14. The method of claim 13, wherein the updated first mask is obtained by:
obtaining a global motion trend feature based on the first mask for each audio frame and the encoded features of the first audio signal; and
updating the first mask for each audio frame based on the global motion trend feature.
15. The method of claim 14, wherein the updating of the first mask for each audio frame based on the global motion trend feature comprises:
adjusting at least one of a spatial motion trend and a sound source motion trend in the first mask of a current audio frame, by comparing and performing trend consistency calculation on a motion trend of the target at the current audio frame and the global motion trend feature.

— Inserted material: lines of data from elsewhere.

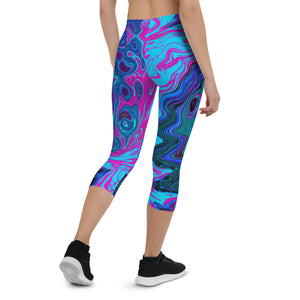 Capri Leggings for Women, Groovy Abstract Retro Blue and Purple Swirl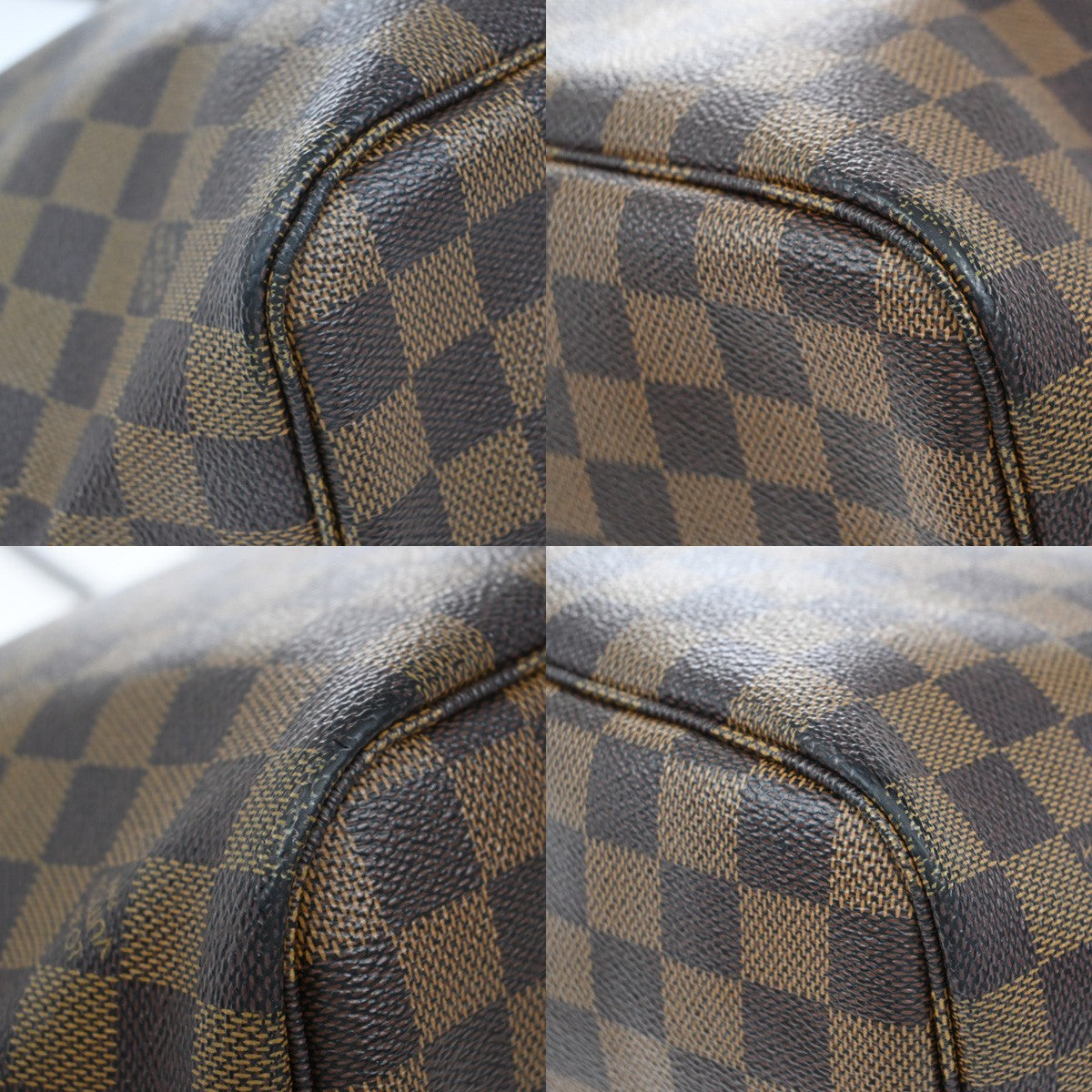 LOUIS VUITTON Neverfull MM Shoulder Bag Damier Ebene Leather BN N51105 94KB305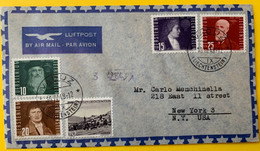 18099 - Nos Zst 24, 25, 26 & 27 Vaduz 10..04.1948 Pour New-York - Poste Aérienne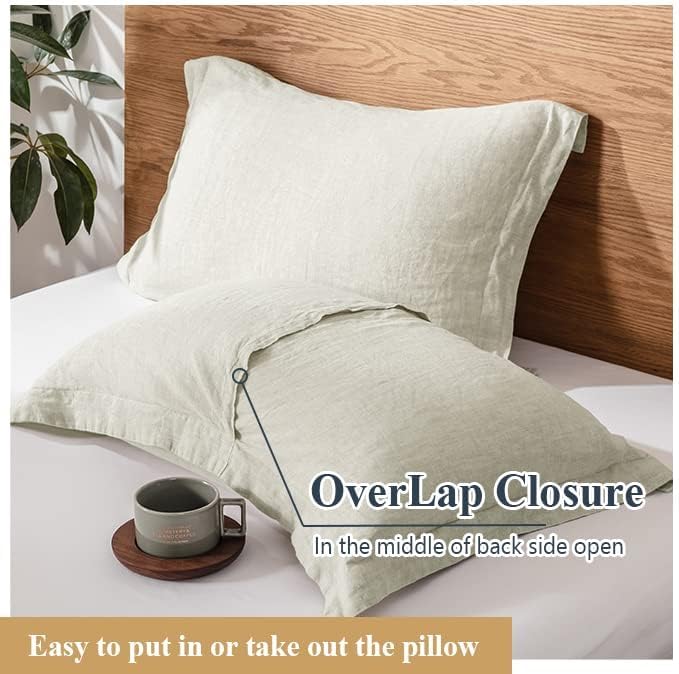 Simple&Opulence SimpleOpulence 100 Linen Pillow Case Queen Size Set of 2 Linen Pillow Covers with Overlap Closure Luxury Breathable Pillowcases Protectors Suitable for AllSeason 20 X 26 Linen - Image 3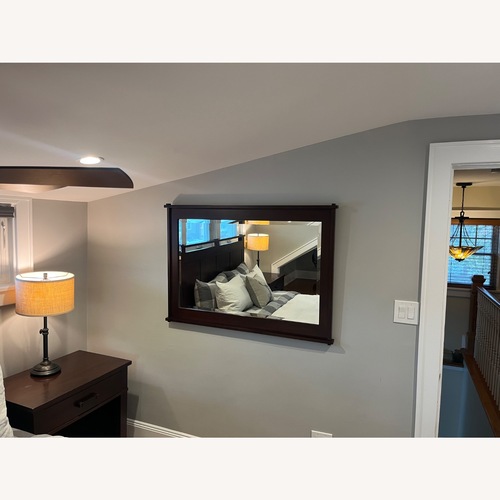 Used Crate & Barrel Dark Brown Wood Wall Mirror for sale on AptDeco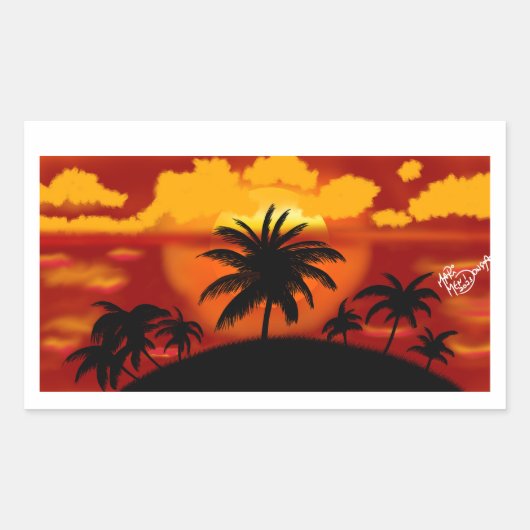 Paisagem por do sol com coqueiros rechthoekige sticker (Voorkant)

16. An electronic apparatus comprising:
memory, including one or more storage media, storing instructions; and
at least one processor communicatively coupled to the memory,
wherein the instructions, when executed by the at least one processor individually or collectively, cause the at least one processor to:
obtain target sound masks of a target in a first video at respective moments, based on image-related information of the target, a first audio signal corresponding to the first video, and direction information of the first audio signal, and
obtain a second audio signal in which a sound related to the target is excluded, based on the target sound masks of the target at the respective moments and the first audio signal.
17. The electronic apparatus of claim 16, wherein the image-related information comprises:
a target vision mask;
depth information; and
optical flow information of the target.
18. The electronic apparatus of claim 16, wherein the instructions, when executed by the at least one processor individually or collectively, further cause the electronic apparatus to:
obtain a first mask for each audio frame of the first audio signal, based on the image-related information and the direction information, and
obtain the target sound mask of the target at each audio frame of the first audio signal, based on the first mask for each audio frame and encoded features of the first audio signal.

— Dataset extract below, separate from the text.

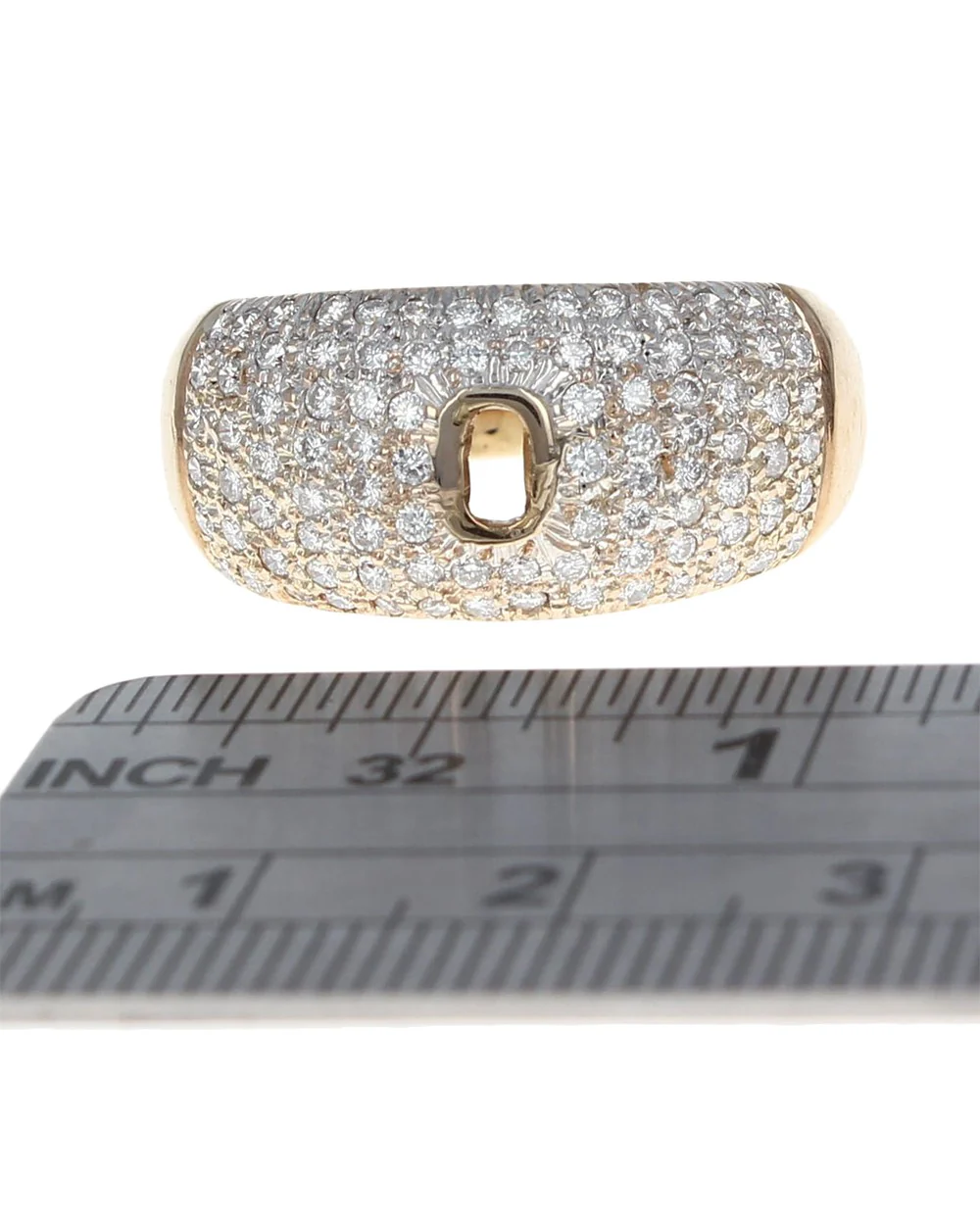 Diamond Pave Dome Semi Mounting Ring - Image 3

19. One or more non-transitory computer-readable storage media storing one or more computer programs including computer-executable instructions that, when executed by one or more processors of an electronic apparatus individually or collectively, cause the electronic apparatus to perform operations, the operations comprising:
obtain target sound masks of a target in a first video at respective moments, based on image-related information of the target, a first audio signal corresponding to the first video, and direction information of the first audio signal, and
obtain a second audio signal in which a sound related to the target is excluded, based on the target sound masks of the target at the respective moments and the first audio signal.
20. The one or more non-transitory computer-readable storage media of claim 19, wherein the image-related information comprises:
a target vision mask;
depth information; and
optical flow information of the target.